What to produce. Once the pictures are set aside, output all the records exactly.

Given data.
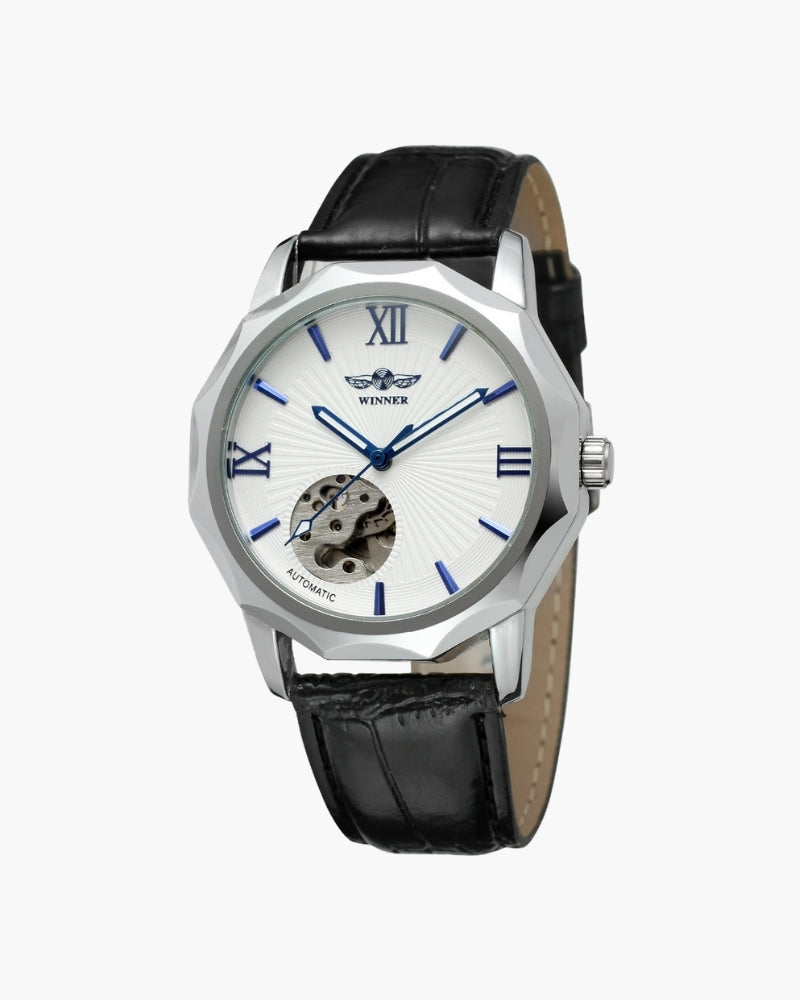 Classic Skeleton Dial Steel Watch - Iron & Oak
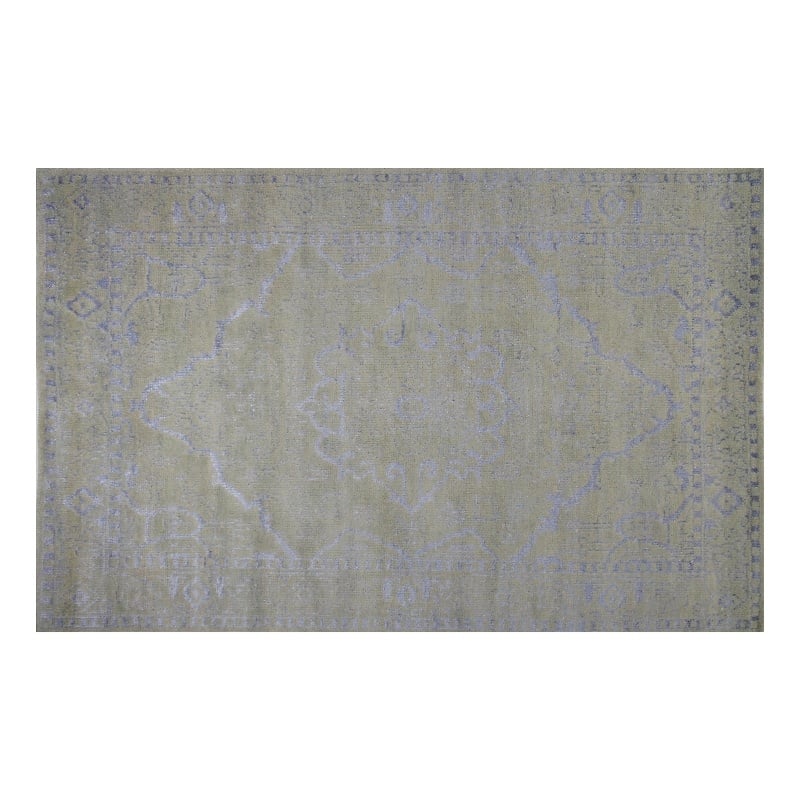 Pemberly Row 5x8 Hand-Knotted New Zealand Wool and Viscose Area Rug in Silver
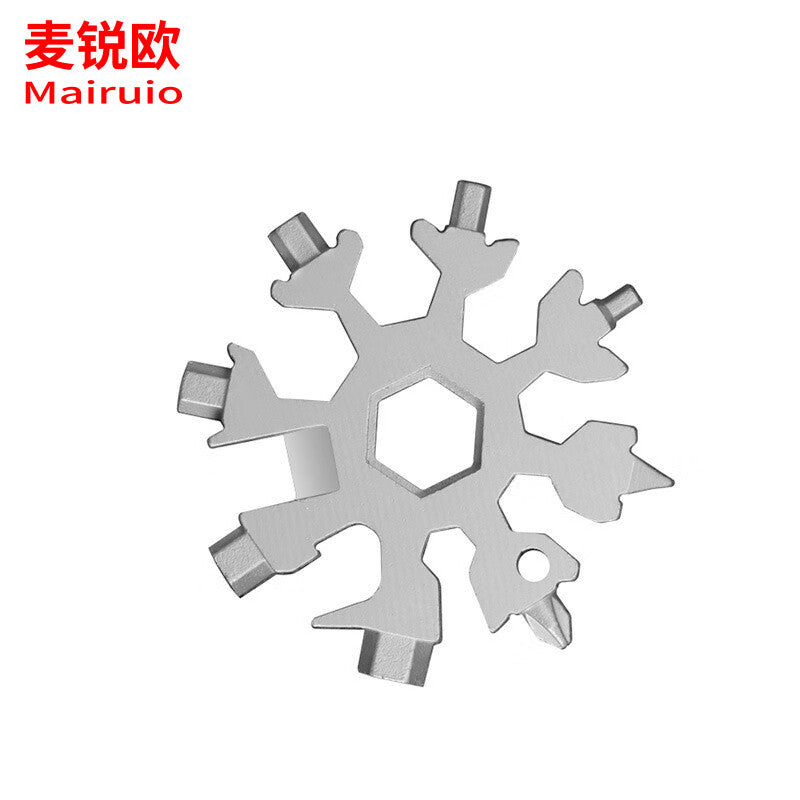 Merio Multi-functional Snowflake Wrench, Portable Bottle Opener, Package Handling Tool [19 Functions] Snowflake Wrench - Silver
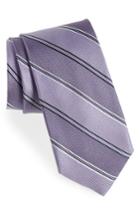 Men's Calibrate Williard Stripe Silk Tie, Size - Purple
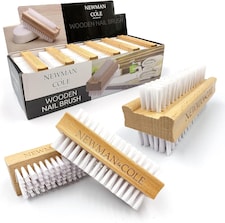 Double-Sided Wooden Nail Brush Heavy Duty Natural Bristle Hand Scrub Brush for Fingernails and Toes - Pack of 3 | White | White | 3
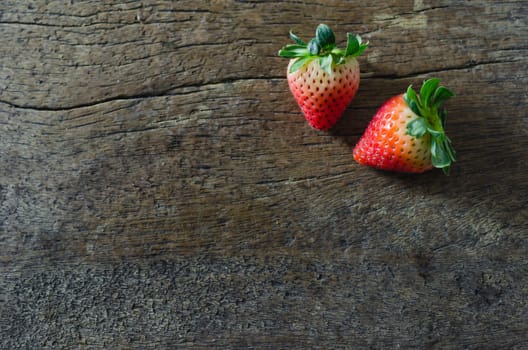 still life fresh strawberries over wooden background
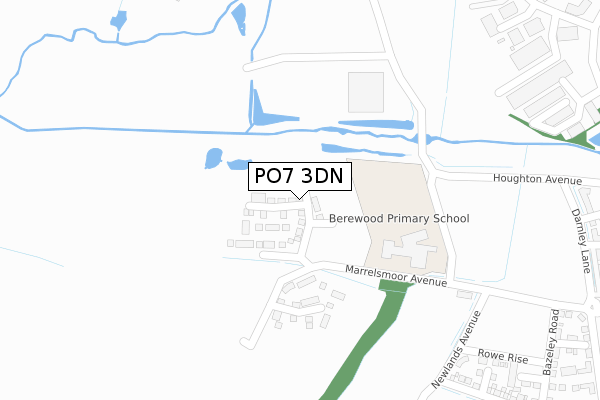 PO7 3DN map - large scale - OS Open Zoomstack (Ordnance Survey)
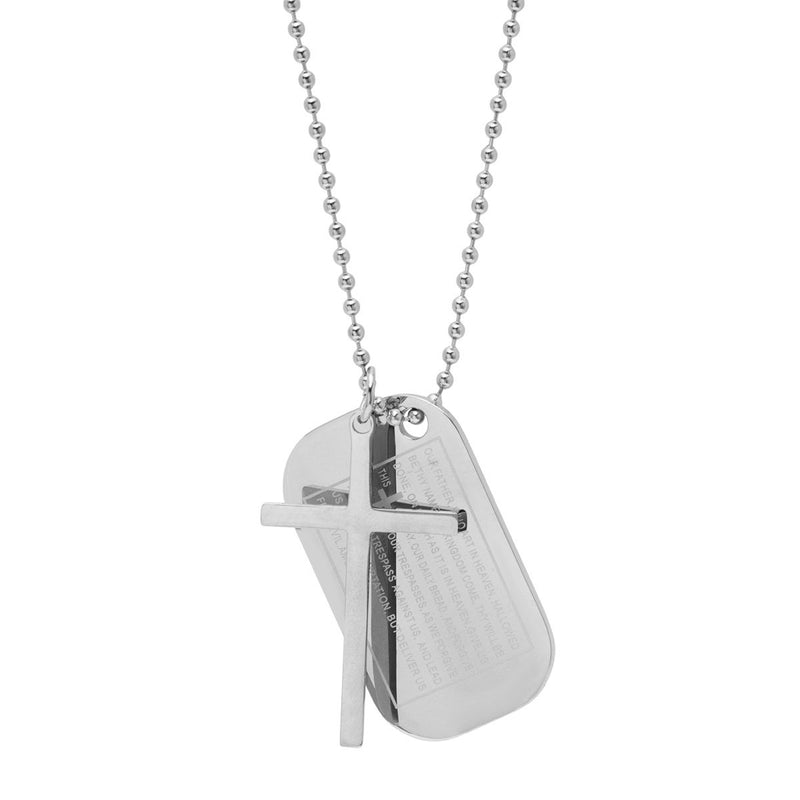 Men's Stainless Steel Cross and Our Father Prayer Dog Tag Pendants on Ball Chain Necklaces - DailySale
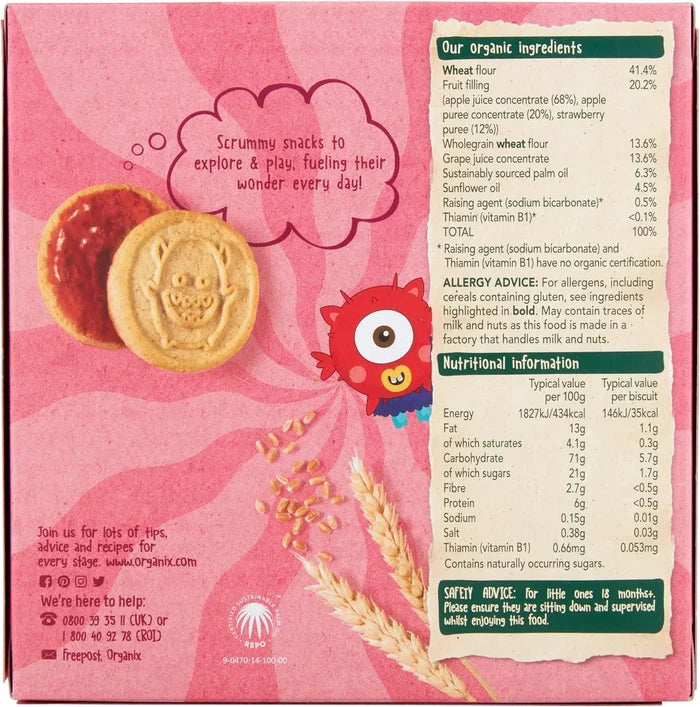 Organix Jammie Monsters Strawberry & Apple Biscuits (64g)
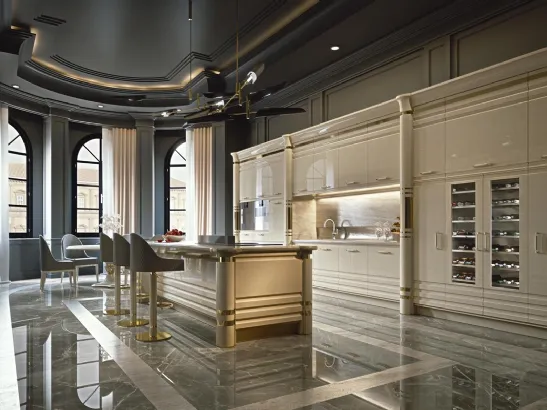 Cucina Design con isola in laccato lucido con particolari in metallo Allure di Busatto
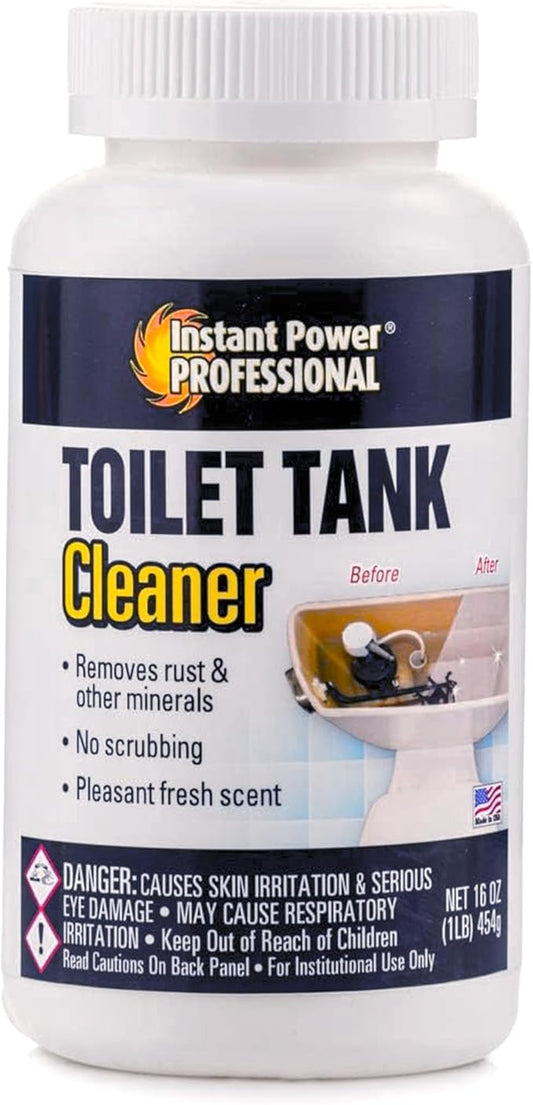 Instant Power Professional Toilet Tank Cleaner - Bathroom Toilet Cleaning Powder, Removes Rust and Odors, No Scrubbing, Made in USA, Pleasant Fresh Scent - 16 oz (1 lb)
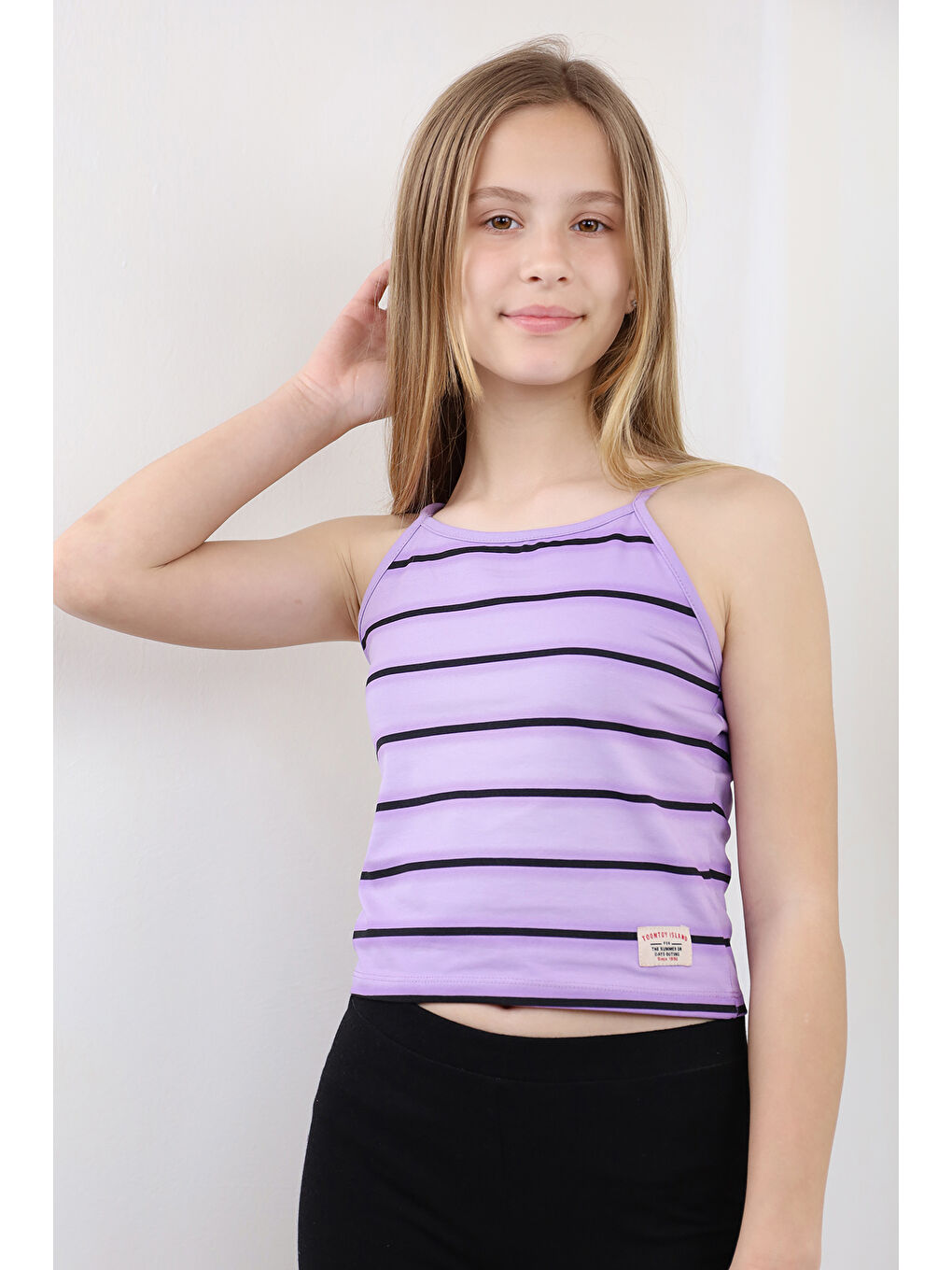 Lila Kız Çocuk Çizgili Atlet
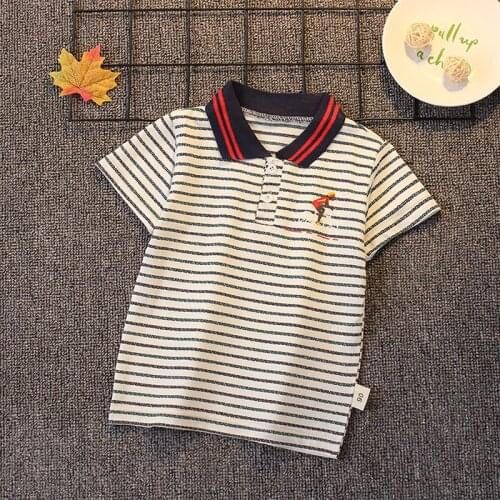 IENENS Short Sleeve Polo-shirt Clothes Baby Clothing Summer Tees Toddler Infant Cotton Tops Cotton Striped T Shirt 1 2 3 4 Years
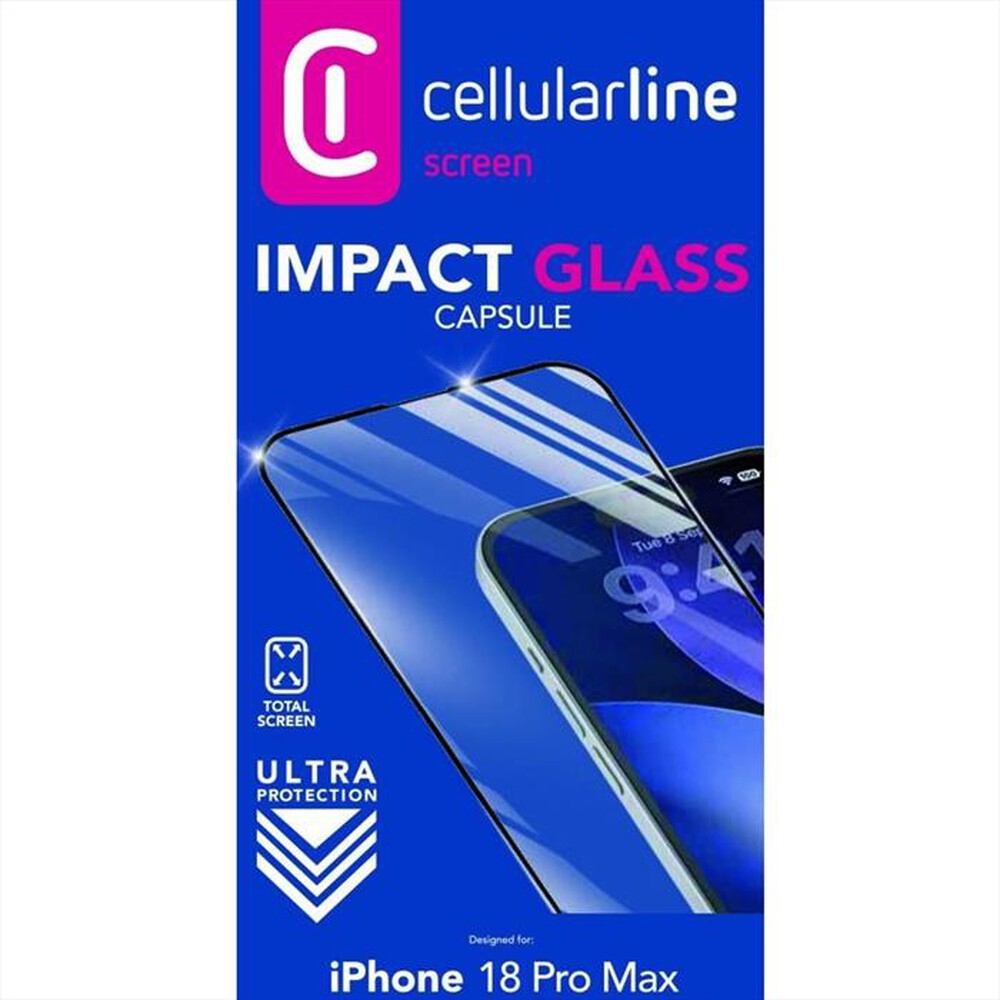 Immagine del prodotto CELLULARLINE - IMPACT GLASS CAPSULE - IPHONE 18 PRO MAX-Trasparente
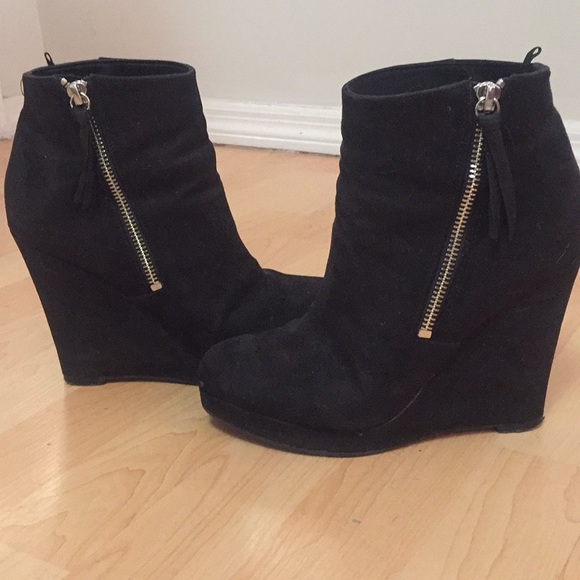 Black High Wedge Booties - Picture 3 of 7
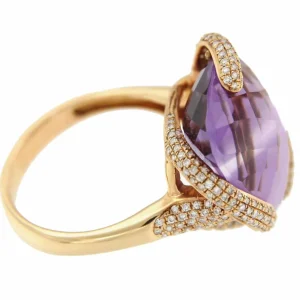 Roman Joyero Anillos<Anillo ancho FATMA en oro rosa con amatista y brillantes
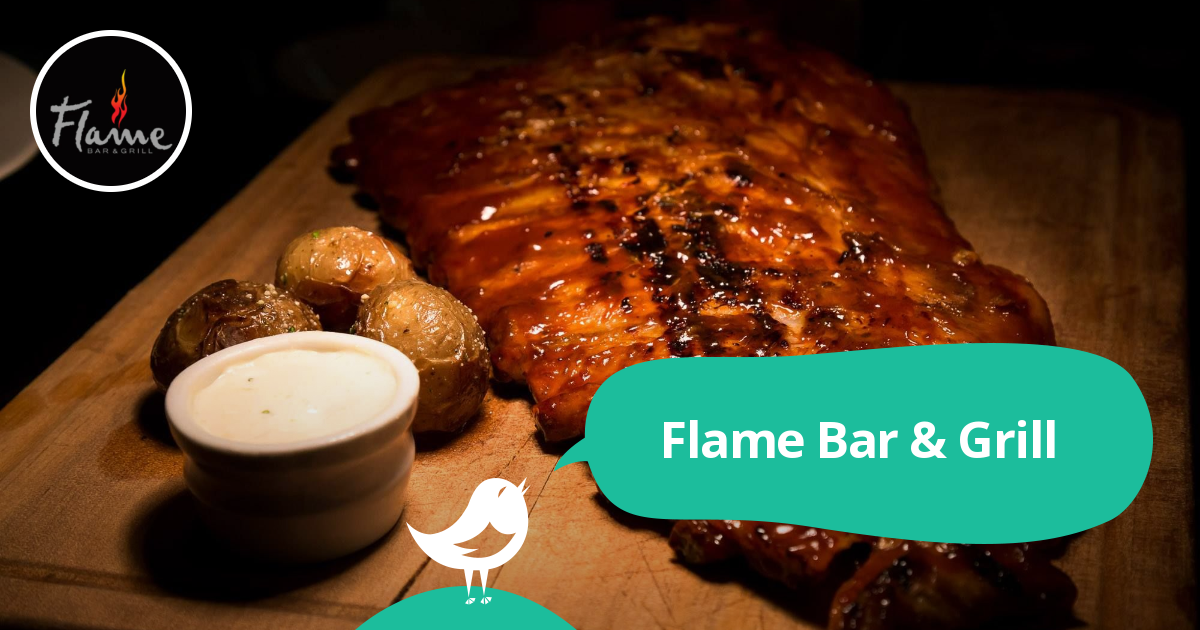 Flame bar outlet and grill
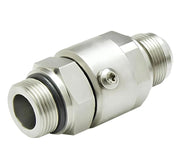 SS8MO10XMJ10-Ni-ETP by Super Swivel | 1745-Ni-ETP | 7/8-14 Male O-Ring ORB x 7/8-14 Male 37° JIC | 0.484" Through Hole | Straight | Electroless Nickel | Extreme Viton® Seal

Task response.
 Classic Skeleton Dial Steel Watch - Iron & Oak
 Pemberly Row 5x8 Hand-Knotted New Zealand Wool and Viscose Area Rug in Silver
 Merio Multi-functional Snowflake Wrench, Portable Bottle Opener, Package Handling Tool [19 Functions] Snowflake Wrench - Silver
 Men's Calibrate Williard Stripe Silk Tie, Size - Purple
 Double-Sided Wooden Nail Brush Heavy Duty Natural Bristle Hand Scrub Brush for Fingernails and Toes - Pack of 3 | White | White | 3
 still life fresh strawberries over wooden background
 PO7 3DN map - large scale - OS Open Zoomstack (Ordnance Survey)
 Men's Stainless Steel Cross and Our Father Prayer Dog Tag Pendants on Ball Chain Necklaces - DailySale
 Organix Jammie Monsters Strawberry & Apple Biscuits (64g)
 Cucina Design con isola in laccato lucido con particolari in metallo Allure di Busatto
 Instant Power Professional Toilet Tank Cleaner - Bathroom Toilet Cleaning Powder, Removes Rust and Odors, No Scrubbing, Made in USA, Pleasant Fresh Scent - 16 oz (1 lb)
 Lila Kız Çocuk Çizgili Atlet
 IENENS Short Sleeve Polo-shirt Clothes Baby Clothing Summer Tees Toddler Infant Cotton Tops Cotton Striped T Shirt 1 2 3 4 Years
 Immagine del prodotto CELLULARLINE - IMPACT GLASS CAPSULE - IPHONE 18 PRO MAX-Trasparente
 Black High Wedge Booties - Picture 3 of 7
 Roman Joyero Anillos<Anillo ancho FATMA en oro rosa con amatista y brillantes
 Flame bar outlet and grill
 SS8MO10XMJ10-Ni-ETP by Super Swivel | 1745-Ni-ETP | 7/8-14 Male O-Ring ORB x 7/8-14 Male 37° JIC | 0.484" Through Hole | Straight | Electroless Nickel | Extreme Viton® Seal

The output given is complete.